When SP Rajguru took over as COO of Ingram Micro last year, the company was stuck with growth of just about 11%, including mobile phone revenue. A year later, Rajguru has every reason to rejoice as he has steered the company back to old-time growth rates, and driving this growth were host of initiatives the new COO put in place. First he phased out the Magix brand and reoriented the company's own branded PC portfolio, aligning it into two brands, Vesta and Vesta components. The Vesta brand consists of PCs, notebooks, servers, UPS, inverters, gaming kits, and business card scanners, while the Vesta components brand has products like motherboard, keyboard, and mouse. Setting its house in order paid off handsomely for the company as it registered a 100% increase in the sales of Vesta PCs, up from 10,000 units in FY 2002-03 to 20,000 units during fiscal 2003-04. The component business also grew by 50% with major demand coming from assemblers.

SP Rajguru







COO



Indranil Chowdhary







CFO

The company attributes the good growth during the fiscal to Project ZETA-Zero Error Tolerance Attitude, a structured method for identifying significant customer areas leading to higher sales. The Six Sigma initiatives further improved its deliverables. That apart, the company's exclusive alliance with Samsung on mobile phones garnered Rs 267 crore, signifying a growth of 60%. However, though mobile phone margins are higher, the exclusive tie-ups the distribution vendors have forged with handset manufacturers in a way restrict their growth in the long run.

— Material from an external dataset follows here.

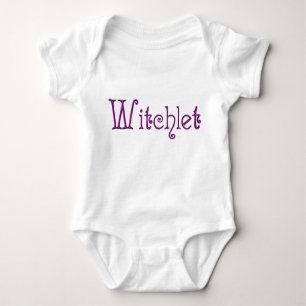 Body Witchlet Onsie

Meanwhile in the networking space, Ingram was clearly the number one player. On the consumables front the company made Rs 80 crore from HP while the total business from HP came to Rs 410 crore. Other revenue drivers were Intel at Rs 205 crore, Cisco at Rs 140 crore, while Microsoft and IBM together made around Rs 235 crore. On the channel side, the company added close to 1,000 partners.

On the distribution front, Ingram upped its portfolio by inducting BenQ and Western Digital into its computer component segment, and Acer and Xerox into its systems and peripherals group, while its enterprise systems group added the Netscreen, Intransa, Secure Synergy, and Hitachi range of products. The peripheral distribution space is one to watch this ongoing year, with Ingram fast catching up with competitors. The company's growth outlook is 30—35%, and it plans to focus on emerging technologies, having already put in place a separate team to cater to emerging technology products like digital cameras.

l Start-up year: 1996

l Products & services: Vesta PCs, notebooks, servers; BenQ, Intel, Maxtor, Microsoft, Samsung, Seagate, Iomega, Western Digital, Borland, TVSE, Acer, Xerox, Netscreen, Hitachi etc

l Employees: 400 l Branches: 37 l Dealers: 9000.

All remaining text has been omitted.